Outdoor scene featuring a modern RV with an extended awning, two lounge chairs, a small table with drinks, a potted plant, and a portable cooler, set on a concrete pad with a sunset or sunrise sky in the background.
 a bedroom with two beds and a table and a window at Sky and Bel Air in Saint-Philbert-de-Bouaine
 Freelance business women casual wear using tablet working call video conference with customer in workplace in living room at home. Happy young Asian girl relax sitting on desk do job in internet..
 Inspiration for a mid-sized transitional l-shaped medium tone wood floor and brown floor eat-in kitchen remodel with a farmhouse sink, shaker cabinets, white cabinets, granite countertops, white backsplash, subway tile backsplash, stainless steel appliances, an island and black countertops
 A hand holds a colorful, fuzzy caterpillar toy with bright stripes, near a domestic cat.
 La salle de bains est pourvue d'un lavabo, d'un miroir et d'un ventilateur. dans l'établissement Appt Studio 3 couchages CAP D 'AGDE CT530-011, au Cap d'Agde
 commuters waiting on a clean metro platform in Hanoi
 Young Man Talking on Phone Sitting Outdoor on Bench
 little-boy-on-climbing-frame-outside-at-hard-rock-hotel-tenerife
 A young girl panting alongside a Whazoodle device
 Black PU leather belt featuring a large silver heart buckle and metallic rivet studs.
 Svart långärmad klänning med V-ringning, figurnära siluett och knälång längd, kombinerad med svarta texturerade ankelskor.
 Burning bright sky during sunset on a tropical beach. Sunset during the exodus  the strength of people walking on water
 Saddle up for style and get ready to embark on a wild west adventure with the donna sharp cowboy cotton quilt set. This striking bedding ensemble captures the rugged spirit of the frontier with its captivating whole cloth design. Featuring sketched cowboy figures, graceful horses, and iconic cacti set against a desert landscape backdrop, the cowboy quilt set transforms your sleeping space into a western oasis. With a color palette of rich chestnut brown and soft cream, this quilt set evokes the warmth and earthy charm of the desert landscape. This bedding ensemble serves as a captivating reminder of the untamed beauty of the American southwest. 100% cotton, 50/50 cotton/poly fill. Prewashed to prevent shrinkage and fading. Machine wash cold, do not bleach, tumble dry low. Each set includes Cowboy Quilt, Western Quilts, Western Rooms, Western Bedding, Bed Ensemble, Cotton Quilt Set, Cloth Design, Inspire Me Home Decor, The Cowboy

--- --- ---

Reproduce every line above containing "sunset".

Outdoor scene featuring a modern RV with an extended awning, two lounge chairs, a small table with drinks, a potted plant, and a portable cooler, set on a concrete pad with a sunset or sunrise sky in the background.
 Burning bright sky during sunset on a tropical beach. Sunset during the exodus  the strength of people walking on water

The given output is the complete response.